### To do
Only text belongs in your copy of the listing below; reproduce it exactly and leave out the pictures.
(Beginning of Supplied records)
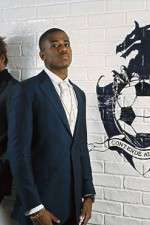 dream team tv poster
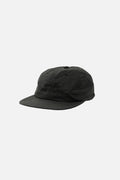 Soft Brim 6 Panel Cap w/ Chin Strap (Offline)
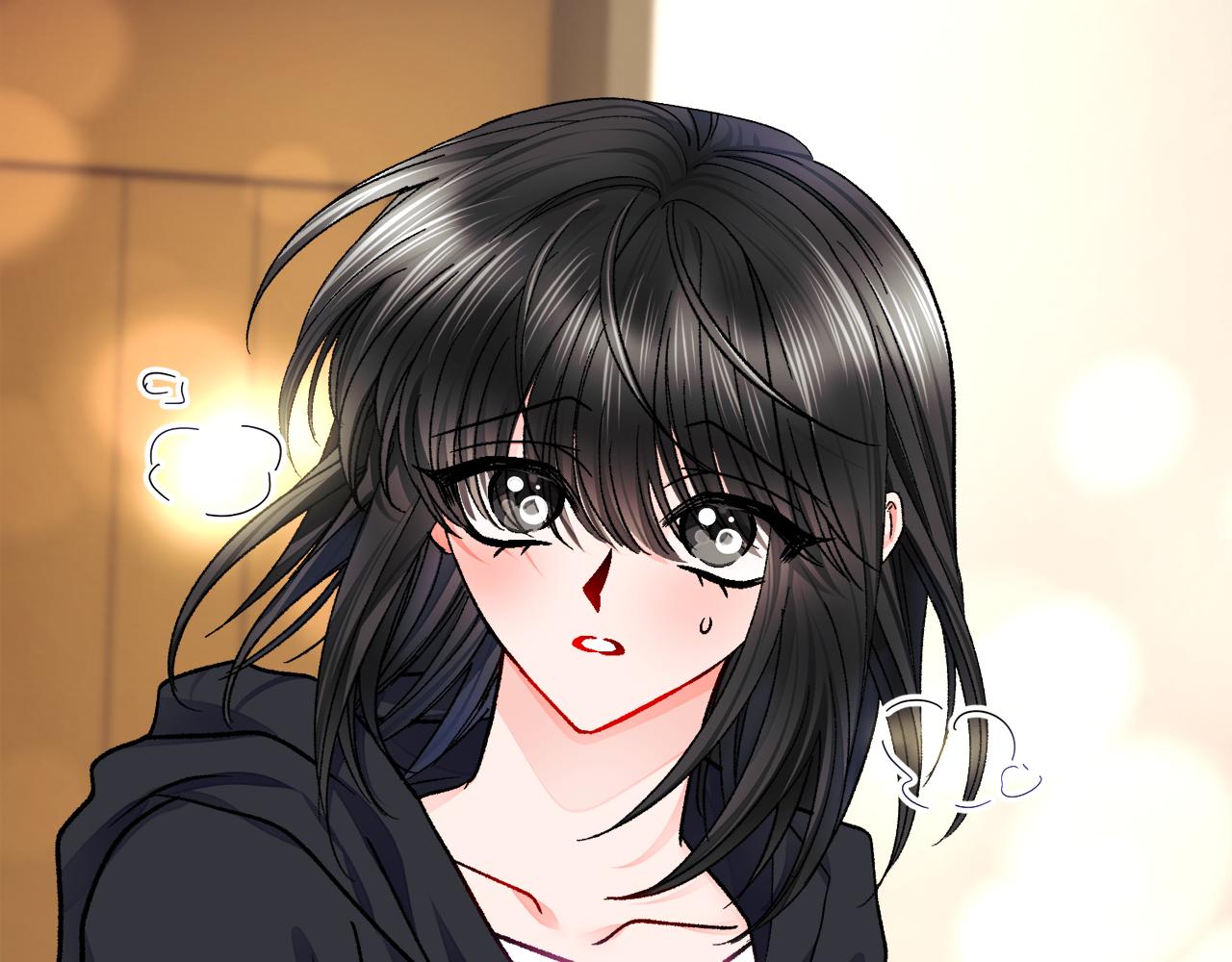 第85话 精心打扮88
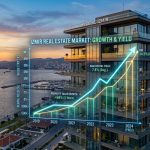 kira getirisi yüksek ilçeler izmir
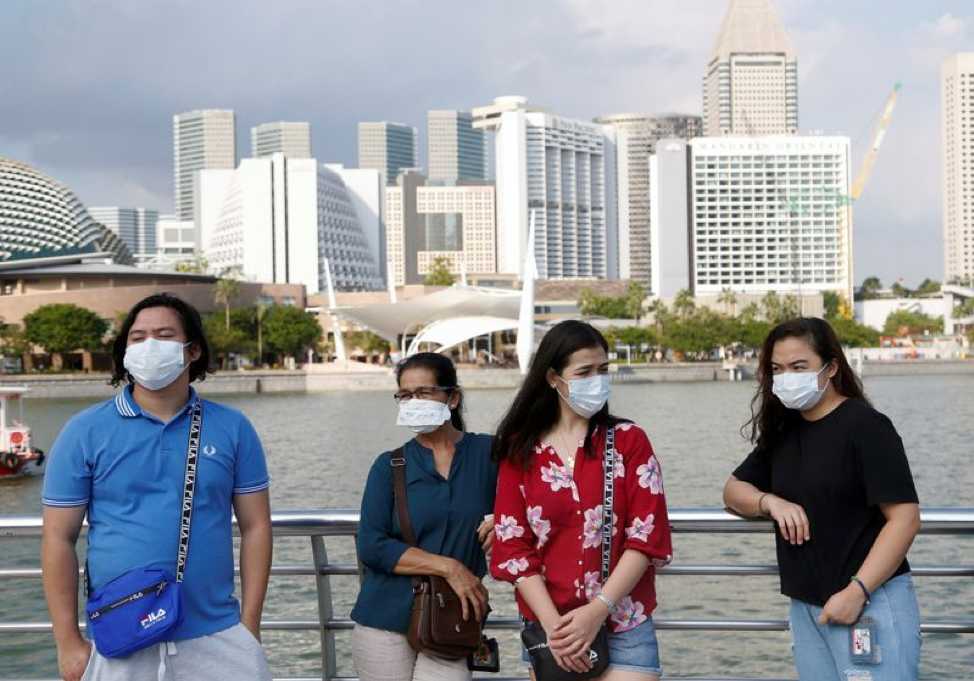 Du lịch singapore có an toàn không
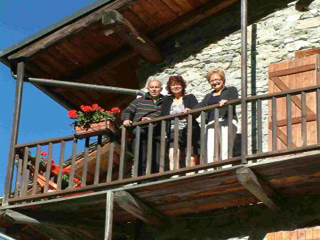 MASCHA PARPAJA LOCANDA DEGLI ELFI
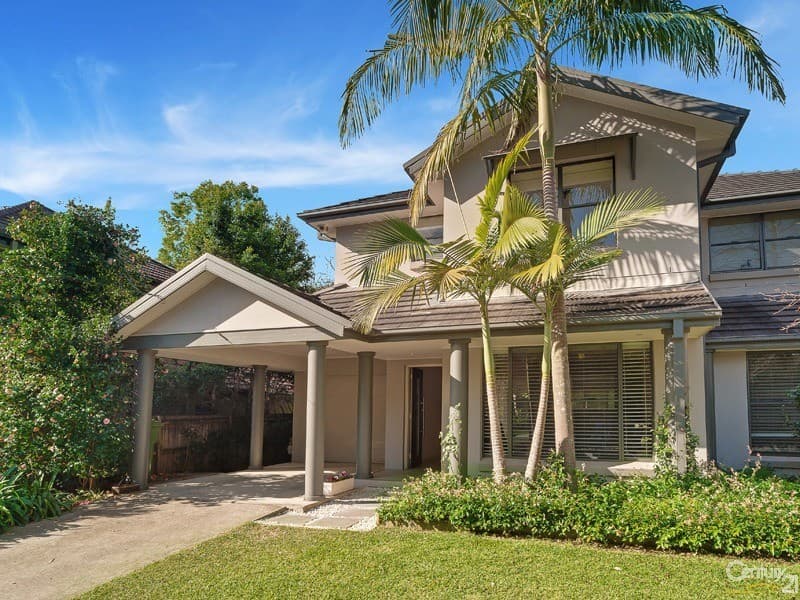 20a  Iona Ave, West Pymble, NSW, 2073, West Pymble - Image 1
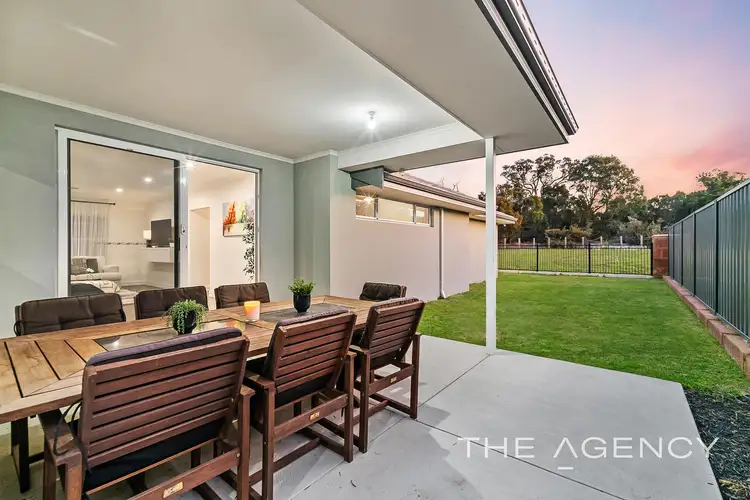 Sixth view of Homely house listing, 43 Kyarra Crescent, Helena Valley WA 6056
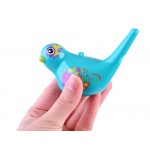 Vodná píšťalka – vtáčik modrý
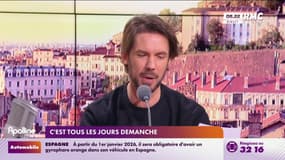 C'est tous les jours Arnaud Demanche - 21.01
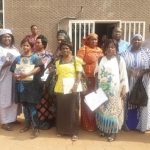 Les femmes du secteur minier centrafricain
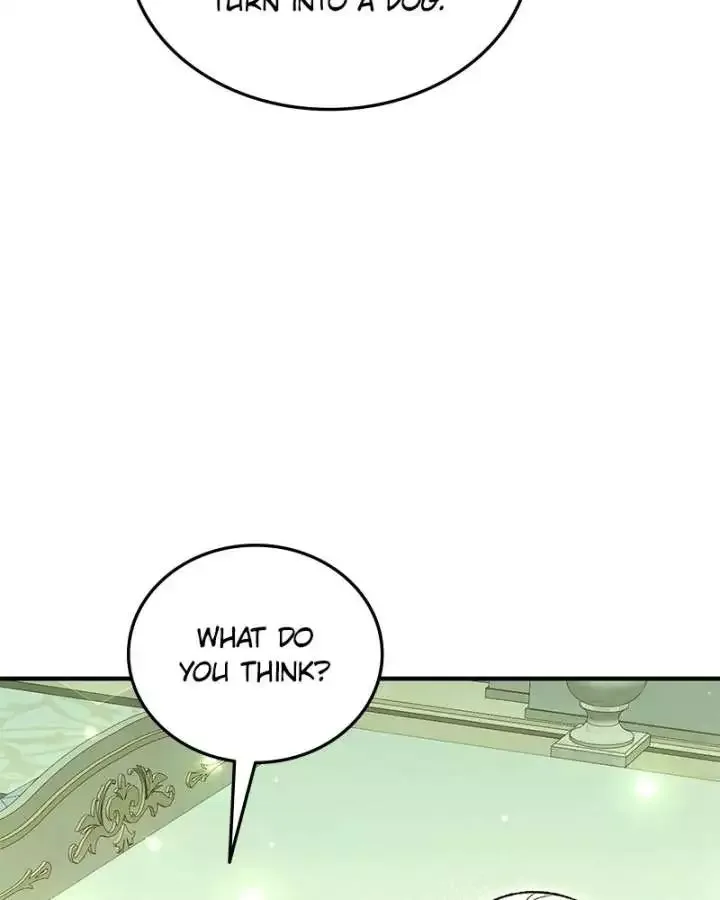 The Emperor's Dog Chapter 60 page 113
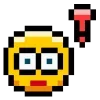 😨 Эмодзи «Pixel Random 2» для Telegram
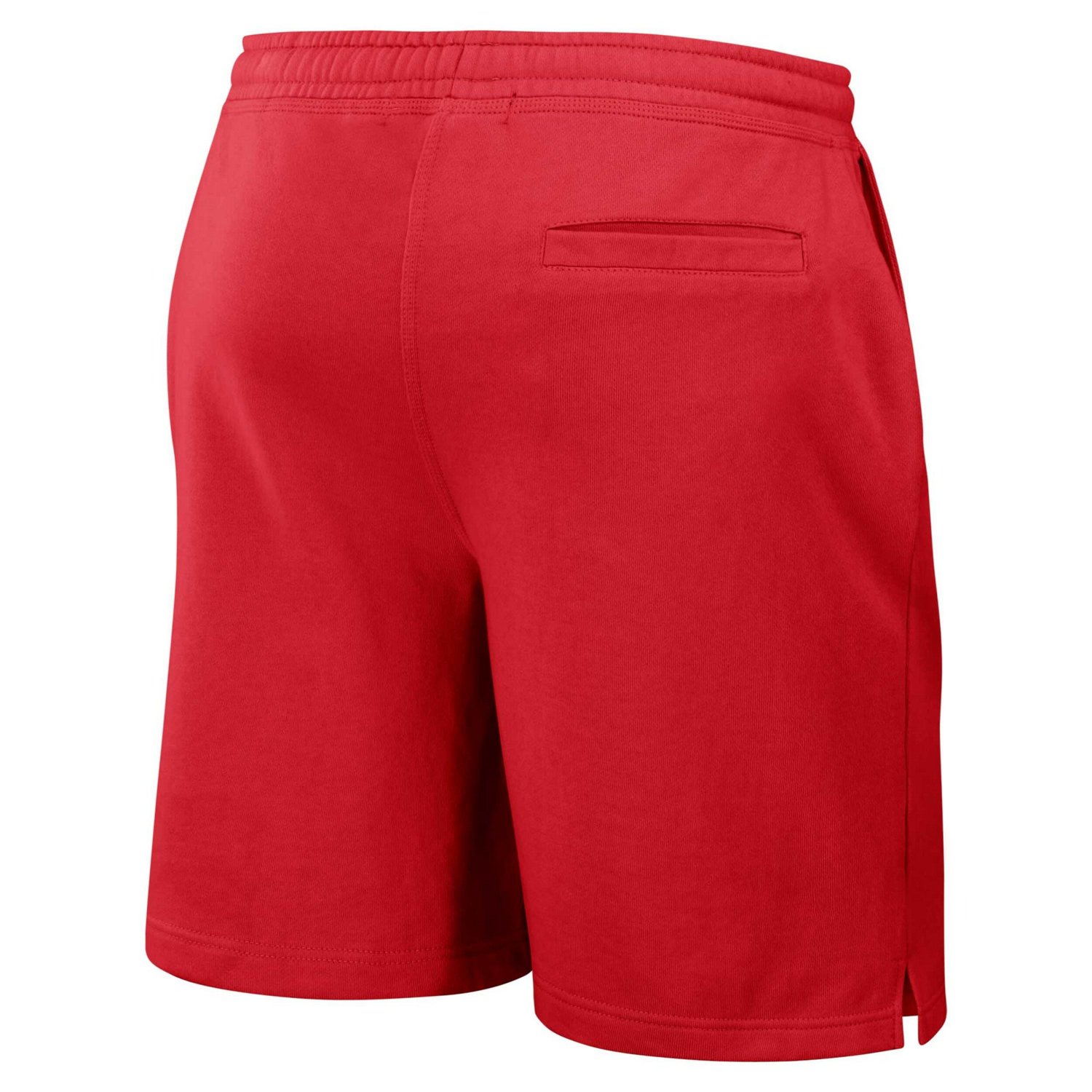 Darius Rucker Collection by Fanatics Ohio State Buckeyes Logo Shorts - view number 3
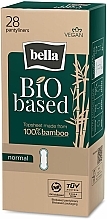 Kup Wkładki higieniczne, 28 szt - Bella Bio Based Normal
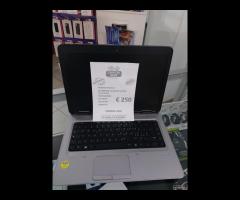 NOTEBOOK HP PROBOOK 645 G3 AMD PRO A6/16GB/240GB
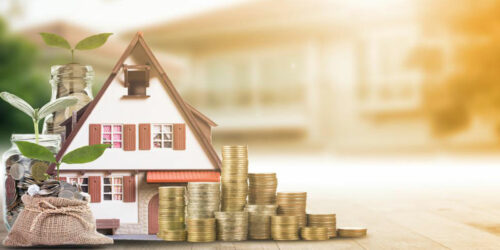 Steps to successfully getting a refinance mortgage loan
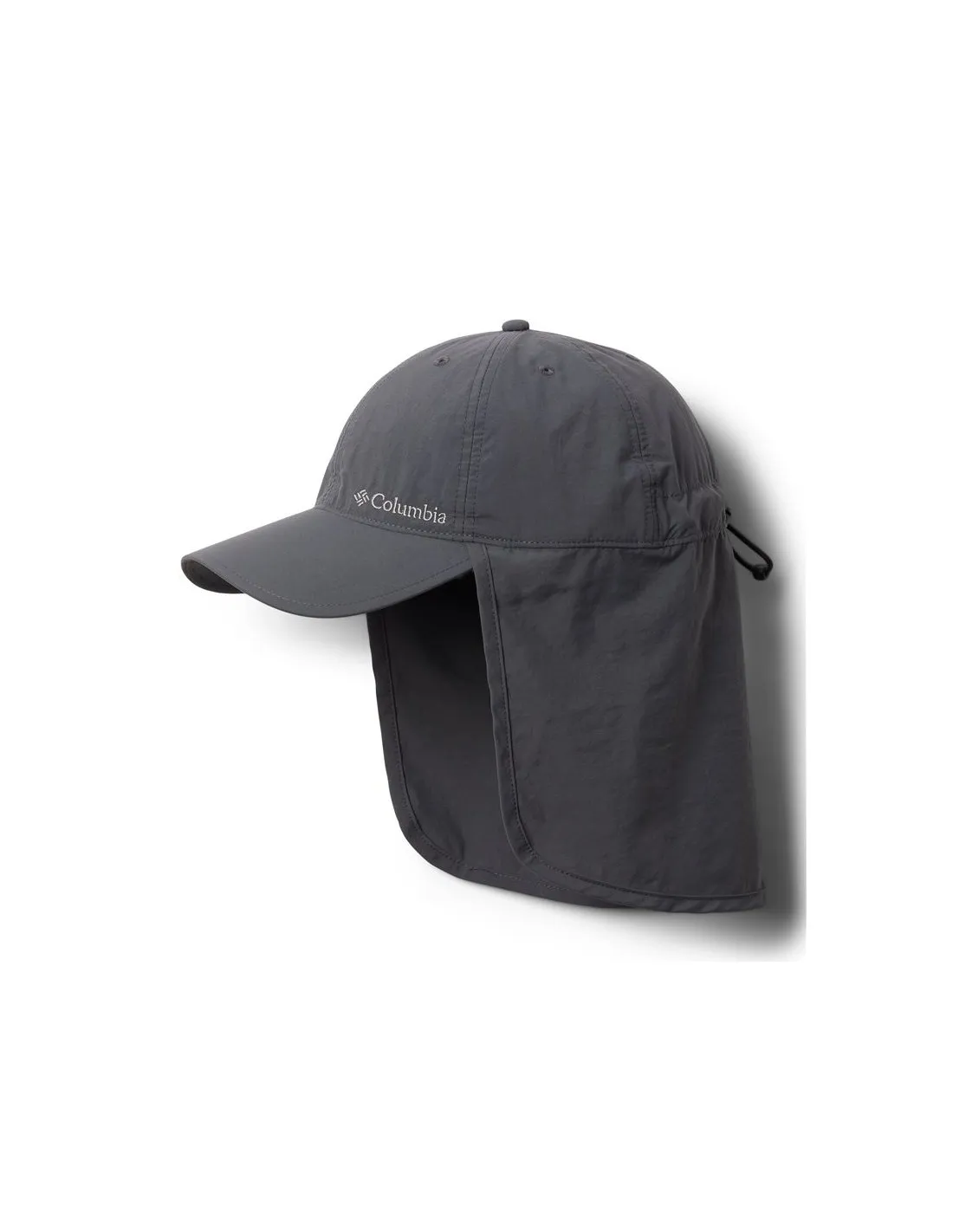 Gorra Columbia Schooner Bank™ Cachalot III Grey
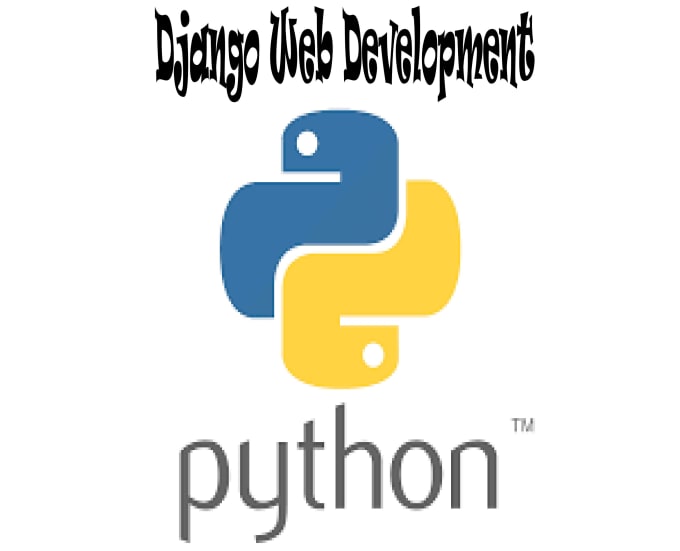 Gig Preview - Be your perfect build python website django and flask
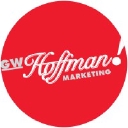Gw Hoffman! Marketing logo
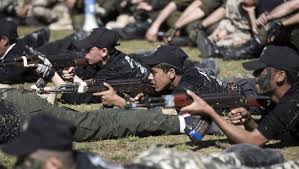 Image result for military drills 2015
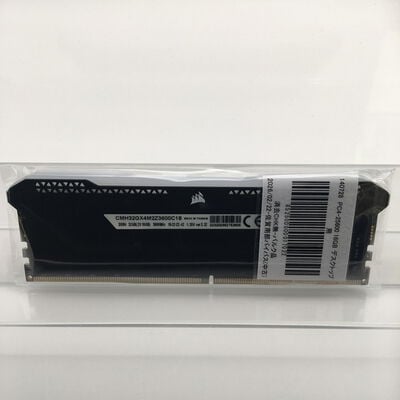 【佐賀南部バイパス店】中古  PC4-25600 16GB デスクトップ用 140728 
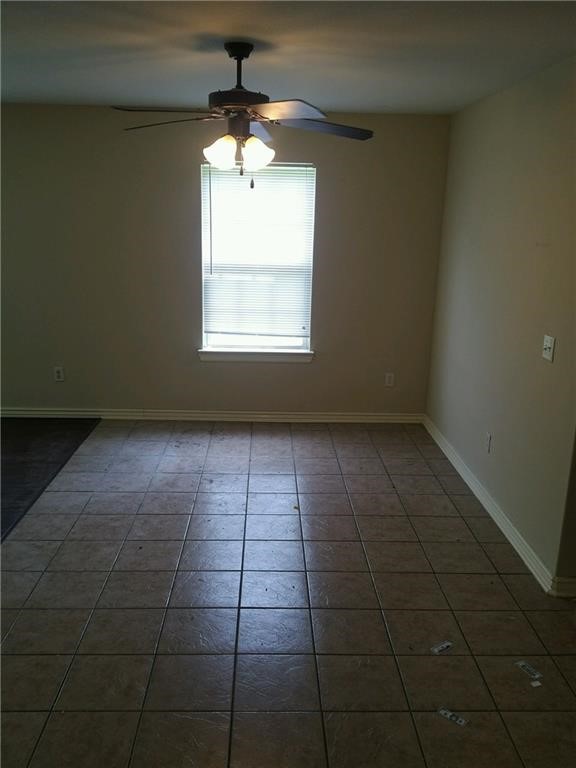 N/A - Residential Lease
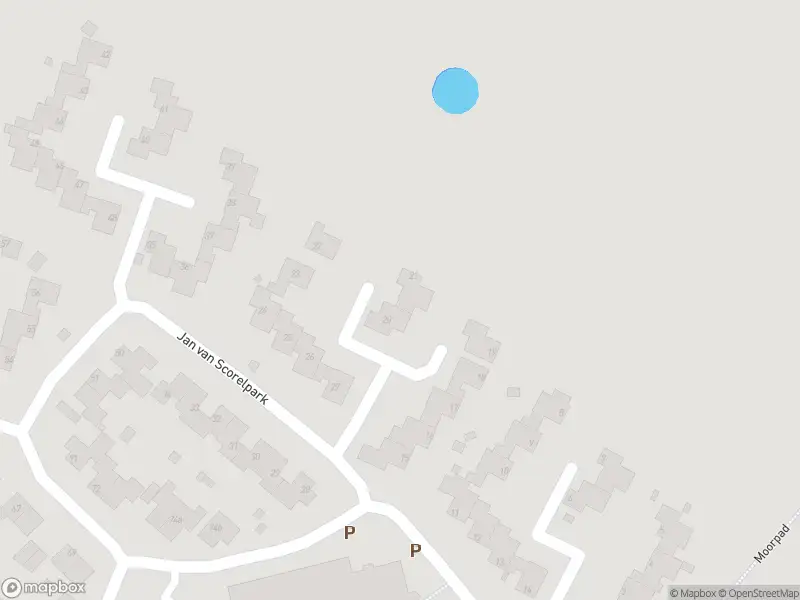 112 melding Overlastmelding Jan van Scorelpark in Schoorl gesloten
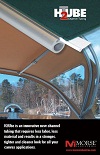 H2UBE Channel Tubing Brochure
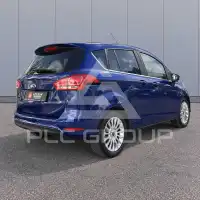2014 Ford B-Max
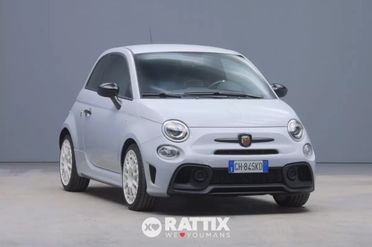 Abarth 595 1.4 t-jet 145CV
(End of Supplied records)
### Exercise output
 dream team tv poster
 Soft Brim 6 Panel Cap w/ Chin Strap (Offline)
 第85话 精心打扮88
 kira getirisi yüksek ilçeler izmir
 Du lịch singapore có an toàn không
 MASCHA PARPAJA LOCANDA DEGLI ELFI
 20a  Iona Ave, West Pymble, NSW, 2073, West Pymble - Image 1
 Sixth view of Homely house listing, 43 Kyarra Crescent, Helena Valley WA 6056
 Vodná píšťalka – vtáčik modrý
 C'est tous les jours Arnaud Demanche - 21.01
 Les femmes du secteur minier centrafricain
 The Emperor's Dog Chapter 60 page 113
 😨 Эмодзи «Pixel Random 2» для Telegram
 Darius Rucker Collection by Fanatics Ohio State Buckeyes Logo Shorts - view number 3
 Kup Wkładki higieniczne, 28 szt - Bella Bio Based Normal
 NOTEBOOK HP PROBOOK 645 G3 AMD PRO A6/16GB/240GB
 Steps to successfully getting a refinance mortgage loan
 Gorra Columbia Schooner Bank™ Cachalot III Grey
 Gig Preview - Be your perfect build python website django and flask
Gw Hoffman! Marketing logo
 Image result for military drills 2015
 【佐賀南部バイパス店】中古  PC4-25600 16GB デスクトップ用 140728 
 N/A - Residential Lease
 112 melding Overlastmelding Jan van Scorelpark in Schoorl gesloten
 H2UBE Channel Tubing Brochure
2014 Ford B-Max
 Abarth 595 1.4 t-jet 145CV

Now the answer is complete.